Yes, I was a Boy Scout, and I have never regretted a single minute of it. I learned a boatload of things that I remember to this day, some of which still come in very handy, and other things that are still there in case I ever need them.
Here is a smattering of them:
First Aid: The Boy Scouts taught me how t deal with: burns, snake bites, sprains, broken bones (making a splint, turning a neckerchief into an ankle brace), fashioning a stretcher from tree limbs and a blanket. The Scouts taught to recognize and treat shock, arterial bleeding, heat stroke, heat exhaustion, and poison ivy. Many years later when I would be again taught first aid, courtesy of Uncle Sam, the only “new” thing I learned was how to treat a sucking chest wound. The Boy Scouts never taught us that one.
Knots: We learned to tie knots, and we learned to tie them fast. Tying knots correctly and quickly was one of the main events in competitions that were regularly held between troops. As a result, to this day, I can tie a bowline faster than anyone I know. I can also tie a: clove hitch, timber hitch, angler’s knot, slip knot, square knot (not a granny), a sheetbend, a half hitch, two half hitches, and a sheepshank. This is a skill that I don’t need very often, but when the occasion arises, I am ready.
Life Saving and Survival: I still remember how to do CPR, how to save a drowning person, and how to deal with someone who has fallen through thin ice. I was taught how to build a fire and how to keep matches dry and, failing that, how to start a fire with flint and steel or a stick and bow.

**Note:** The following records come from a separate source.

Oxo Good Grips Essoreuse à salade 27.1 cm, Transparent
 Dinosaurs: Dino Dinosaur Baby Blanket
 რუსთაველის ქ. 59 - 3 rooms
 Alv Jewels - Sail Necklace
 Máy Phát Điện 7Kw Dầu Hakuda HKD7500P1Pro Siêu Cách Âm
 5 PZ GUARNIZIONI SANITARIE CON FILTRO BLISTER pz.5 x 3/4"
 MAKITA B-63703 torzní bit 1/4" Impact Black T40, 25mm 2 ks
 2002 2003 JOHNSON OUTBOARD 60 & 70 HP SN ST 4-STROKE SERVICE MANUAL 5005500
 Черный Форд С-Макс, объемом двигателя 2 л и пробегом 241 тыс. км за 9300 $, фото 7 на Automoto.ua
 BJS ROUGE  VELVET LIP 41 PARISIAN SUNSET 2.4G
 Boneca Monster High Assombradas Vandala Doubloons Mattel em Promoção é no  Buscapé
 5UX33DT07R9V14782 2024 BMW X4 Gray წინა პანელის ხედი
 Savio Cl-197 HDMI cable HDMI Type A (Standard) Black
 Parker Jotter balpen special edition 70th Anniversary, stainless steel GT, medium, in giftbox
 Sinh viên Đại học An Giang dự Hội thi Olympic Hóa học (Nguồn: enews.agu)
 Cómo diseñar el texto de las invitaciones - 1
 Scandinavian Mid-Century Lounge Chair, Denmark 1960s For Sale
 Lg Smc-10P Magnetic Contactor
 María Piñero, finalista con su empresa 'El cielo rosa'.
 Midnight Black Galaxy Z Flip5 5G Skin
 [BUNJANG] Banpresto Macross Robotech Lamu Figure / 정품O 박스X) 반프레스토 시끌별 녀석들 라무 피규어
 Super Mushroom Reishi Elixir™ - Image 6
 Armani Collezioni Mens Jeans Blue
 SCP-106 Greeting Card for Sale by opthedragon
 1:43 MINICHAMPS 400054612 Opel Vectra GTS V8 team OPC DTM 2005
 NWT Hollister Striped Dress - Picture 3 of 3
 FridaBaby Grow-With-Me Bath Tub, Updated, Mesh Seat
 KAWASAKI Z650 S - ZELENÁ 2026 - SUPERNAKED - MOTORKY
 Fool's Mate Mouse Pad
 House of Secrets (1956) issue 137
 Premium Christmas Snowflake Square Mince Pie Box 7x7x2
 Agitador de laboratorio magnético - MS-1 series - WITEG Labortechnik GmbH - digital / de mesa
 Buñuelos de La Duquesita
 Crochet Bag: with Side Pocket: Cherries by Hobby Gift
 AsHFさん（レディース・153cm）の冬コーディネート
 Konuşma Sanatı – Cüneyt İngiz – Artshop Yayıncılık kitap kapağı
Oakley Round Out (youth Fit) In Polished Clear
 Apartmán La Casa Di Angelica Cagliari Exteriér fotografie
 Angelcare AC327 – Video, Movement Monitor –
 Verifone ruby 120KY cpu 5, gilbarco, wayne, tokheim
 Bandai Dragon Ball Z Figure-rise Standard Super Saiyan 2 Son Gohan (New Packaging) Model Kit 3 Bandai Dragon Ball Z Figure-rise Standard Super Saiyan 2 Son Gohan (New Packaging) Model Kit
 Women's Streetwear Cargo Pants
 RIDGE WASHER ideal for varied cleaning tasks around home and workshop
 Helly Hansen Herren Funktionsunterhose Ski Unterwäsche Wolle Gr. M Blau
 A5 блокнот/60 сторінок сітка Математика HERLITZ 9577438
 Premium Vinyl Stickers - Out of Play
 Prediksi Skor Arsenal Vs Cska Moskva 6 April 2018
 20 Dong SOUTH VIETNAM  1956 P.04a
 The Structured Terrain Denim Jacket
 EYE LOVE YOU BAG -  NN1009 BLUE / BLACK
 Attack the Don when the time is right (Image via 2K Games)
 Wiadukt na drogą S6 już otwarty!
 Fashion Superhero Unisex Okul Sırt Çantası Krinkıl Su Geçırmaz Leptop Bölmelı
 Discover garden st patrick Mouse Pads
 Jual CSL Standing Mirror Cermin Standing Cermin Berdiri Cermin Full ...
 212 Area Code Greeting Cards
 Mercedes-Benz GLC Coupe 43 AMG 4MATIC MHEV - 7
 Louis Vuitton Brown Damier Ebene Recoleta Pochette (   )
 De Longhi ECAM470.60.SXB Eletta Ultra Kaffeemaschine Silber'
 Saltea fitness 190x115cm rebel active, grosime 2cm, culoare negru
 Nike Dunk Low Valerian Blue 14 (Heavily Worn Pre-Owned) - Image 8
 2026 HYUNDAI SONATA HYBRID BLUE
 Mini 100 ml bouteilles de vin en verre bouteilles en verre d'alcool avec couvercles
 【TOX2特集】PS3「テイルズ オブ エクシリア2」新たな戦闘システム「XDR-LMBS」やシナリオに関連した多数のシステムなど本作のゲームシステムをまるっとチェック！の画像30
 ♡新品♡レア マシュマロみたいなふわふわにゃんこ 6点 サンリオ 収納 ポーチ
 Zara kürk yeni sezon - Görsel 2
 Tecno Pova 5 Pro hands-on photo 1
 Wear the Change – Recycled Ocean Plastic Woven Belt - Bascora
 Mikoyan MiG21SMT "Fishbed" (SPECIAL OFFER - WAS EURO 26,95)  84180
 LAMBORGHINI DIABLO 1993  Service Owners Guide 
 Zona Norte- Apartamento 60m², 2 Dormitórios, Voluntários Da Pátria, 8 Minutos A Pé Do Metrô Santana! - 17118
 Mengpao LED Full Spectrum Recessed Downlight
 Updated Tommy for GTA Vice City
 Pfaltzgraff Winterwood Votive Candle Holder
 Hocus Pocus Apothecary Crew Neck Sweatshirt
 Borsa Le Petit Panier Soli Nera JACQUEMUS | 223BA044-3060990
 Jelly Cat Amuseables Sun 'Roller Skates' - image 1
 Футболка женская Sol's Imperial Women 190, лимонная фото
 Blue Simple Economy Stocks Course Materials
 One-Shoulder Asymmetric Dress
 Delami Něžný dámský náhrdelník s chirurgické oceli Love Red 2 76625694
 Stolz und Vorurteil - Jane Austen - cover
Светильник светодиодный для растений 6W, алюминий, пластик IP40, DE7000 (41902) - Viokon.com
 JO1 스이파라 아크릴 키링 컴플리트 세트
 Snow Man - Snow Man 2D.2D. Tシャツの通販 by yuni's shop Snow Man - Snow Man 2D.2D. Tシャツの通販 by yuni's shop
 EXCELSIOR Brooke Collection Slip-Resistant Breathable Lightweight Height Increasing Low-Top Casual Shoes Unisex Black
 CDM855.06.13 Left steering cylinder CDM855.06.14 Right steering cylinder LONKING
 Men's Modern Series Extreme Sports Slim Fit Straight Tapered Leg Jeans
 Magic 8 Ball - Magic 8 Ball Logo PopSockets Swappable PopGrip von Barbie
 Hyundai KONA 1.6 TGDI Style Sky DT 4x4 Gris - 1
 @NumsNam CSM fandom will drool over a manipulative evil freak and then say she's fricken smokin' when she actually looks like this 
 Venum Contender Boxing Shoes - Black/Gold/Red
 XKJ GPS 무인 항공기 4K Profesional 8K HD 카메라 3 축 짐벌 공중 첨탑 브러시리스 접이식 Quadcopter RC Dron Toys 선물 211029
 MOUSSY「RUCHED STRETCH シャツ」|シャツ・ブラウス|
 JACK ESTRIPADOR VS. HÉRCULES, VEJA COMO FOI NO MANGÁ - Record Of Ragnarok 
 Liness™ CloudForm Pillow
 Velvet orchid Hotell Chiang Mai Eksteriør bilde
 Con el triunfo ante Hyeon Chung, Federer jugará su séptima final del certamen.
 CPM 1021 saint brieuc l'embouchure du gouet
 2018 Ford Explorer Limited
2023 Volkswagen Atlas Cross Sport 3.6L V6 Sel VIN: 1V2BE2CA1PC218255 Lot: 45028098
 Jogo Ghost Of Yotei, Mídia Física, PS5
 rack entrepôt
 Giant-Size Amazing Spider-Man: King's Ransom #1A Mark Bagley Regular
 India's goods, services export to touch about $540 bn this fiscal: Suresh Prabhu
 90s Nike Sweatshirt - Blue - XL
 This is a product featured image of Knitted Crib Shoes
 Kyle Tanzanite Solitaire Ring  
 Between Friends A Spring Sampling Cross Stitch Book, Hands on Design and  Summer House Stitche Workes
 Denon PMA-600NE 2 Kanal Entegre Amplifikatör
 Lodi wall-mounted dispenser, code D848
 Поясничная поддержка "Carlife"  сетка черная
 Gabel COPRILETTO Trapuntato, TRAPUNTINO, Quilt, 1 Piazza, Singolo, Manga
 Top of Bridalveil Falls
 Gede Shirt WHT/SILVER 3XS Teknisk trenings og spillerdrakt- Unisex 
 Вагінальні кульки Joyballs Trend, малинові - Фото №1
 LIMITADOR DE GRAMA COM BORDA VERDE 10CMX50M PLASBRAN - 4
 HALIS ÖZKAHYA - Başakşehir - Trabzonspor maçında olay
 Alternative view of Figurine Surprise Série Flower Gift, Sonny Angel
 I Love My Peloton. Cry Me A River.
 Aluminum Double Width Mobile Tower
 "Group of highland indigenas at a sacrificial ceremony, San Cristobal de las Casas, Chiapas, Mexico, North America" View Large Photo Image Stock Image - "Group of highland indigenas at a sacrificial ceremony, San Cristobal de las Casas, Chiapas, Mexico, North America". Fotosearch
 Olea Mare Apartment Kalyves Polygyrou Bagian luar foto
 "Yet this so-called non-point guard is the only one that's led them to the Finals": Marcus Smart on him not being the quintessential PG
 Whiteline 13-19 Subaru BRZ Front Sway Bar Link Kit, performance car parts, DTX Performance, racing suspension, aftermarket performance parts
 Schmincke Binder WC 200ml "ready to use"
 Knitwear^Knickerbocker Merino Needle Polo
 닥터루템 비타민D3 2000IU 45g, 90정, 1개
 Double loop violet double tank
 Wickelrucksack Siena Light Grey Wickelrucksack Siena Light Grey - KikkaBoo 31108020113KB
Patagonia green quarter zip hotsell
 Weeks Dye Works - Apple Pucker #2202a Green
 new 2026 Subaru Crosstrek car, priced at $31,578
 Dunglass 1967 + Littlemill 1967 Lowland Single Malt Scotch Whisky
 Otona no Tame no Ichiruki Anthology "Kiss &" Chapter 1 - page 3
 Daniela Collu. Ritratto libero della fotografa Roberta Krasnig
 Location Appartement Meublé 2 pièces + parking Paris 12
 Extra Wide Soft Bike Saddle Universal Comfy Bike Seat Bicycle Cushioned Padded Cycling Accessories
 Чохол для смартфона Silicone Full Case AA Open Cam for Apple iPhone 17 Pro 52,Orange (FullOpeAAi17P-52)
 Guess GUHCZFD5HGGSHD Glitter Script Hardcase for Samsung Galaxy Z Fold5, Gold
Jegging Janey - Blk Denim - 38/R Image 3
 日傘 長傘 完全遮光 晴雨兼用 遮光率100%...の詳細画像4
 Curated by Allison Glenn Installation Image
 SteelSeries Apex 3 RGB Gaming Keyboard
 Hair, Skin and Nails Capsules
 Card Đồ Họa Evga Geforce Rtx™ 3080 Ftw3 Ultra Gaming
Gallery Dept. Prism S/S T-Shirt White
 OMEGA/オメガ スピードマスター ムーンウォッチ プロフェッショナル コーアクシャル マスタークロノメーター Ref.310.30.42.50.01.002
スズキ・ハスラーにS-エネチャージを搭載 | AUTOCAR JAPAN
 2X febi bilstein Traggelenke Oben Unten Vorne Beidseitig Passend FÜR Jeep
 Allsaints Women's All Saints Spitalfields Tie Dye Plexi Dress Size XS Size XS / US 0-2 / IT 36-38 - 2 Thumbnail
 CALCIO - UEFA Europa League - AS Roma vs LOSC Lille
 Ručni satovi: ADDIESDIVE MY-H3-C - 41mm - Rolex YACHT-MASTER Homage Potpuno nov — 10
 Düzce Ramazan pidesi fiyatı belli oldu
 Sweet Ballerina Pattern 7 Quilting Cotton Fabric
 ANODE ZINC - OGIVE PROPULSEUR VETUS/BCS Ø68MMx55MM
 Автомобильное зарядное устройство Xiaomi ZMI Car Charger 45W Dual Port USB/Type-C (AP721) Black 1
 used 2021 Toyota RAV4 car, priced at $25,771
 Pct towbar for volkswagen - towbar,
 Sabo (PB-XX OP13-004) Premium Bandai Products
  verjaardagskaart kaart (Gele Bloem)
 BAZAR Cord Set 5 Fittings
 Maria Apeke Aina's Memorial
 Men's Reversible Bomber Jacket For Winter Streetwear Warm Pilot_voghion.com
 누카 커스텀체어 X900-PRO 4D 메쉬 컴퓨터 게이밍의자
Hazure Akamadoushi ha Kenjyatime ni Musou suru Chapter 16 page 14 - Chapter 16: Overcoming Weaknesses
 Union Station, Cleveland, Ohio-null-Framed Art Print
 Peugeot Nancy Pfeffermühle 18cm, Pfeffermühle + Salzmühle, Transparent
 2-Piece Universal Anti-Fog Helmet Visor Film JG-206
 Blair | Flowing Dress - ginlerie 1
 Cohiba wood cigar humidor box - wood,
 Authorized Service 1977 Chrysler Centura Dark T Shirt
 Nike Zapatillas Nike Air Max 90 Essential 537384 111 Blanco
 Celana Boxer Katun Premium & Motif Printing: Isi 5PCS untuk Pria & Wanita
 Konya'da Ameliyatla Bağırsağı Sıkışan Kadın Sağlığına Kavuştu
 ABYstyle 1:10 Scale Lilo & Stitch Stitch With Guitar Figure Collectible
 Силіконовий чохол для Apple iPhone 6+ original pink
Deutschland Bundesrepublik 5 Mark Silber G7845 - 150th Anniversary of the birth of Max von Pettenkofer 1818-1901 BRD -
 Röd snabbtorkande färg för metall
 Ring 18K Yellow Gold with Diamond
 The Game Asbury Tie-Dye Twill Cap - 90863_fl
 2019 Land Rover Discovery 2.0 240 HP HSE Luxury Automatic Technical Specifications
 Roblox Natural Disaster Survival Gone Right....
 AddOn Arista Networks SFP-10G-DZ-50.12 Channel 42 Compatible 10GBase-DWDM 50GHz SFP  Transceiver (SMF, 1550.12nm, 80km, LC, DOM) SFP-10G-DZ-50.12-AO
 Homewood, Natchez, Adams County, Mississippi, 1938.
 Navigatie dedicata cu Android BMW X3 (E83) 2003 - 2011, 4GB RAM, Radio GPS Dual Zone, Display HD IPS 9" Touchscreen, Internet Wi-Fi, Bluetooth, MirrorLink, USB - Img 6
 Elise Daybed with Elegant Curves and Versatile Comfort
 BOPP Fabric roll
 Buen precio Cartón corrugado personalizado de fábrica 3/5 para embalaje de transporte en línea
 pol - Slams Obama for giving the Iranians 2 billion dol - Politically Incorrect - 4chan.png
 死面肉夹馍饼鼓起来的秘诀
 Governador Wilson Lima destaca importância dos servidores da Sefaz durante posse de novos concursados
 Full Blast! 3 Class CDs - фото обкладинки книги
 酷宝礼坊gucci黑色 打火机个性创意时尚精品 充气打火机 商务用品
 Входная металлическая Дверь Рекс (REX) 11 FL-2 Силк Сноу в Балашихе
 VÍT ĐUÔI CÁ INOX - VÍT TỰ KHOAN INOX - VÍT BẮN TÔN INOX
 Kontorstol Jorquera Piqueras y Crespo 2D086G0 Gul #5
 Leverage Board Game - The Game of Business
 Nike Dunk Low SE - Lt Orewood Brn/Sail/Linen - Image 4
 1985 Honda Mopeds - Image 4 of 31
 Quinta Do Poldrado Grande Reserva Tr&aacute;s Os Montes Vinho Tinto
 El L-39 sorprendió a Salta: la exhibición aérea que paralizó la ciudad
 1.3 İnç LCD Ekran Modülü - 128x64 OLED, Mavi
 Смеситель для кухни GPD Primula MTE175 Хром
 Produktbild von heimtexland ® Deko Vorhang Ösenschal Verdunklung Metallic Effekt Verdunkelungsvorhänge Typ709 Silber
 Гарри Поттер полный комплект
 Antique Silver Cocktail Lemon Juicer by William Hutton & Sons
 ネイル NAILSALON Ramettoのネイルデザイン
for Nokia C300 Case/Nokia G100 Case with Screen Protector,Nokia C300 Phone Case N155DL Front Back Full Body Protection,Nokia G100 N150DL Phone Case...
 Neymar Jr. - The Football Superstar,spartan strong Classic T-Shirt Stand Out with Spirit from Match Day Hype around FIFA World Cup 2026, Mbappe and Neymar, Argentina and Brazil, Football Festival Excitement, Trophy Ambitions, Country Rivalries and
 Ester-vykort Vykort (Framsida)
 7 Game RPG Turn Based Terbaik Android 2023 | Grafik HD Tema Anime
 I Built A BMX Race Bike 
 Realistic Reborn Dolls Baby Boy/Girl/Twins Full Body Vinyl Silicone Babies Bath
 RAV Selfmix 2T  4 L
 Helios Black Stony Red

Intangible Things: I learned a clutch of intangible things that would save me a good deal of angst many years later in the Army. For example, I learned the fundamentals of drill (an Army story worth telling another day). I learned flag etiquette, and how to stand at attention, to stand at “parade rest” and to stand “at ease.” I learned how to form up and “dress right,” I learned how to execute a right face, left face and about face. I learned what it was like to stand inspection and to shut up when told to do so.
I wonder if the Boy Scouts still learn that stuff. I hope so.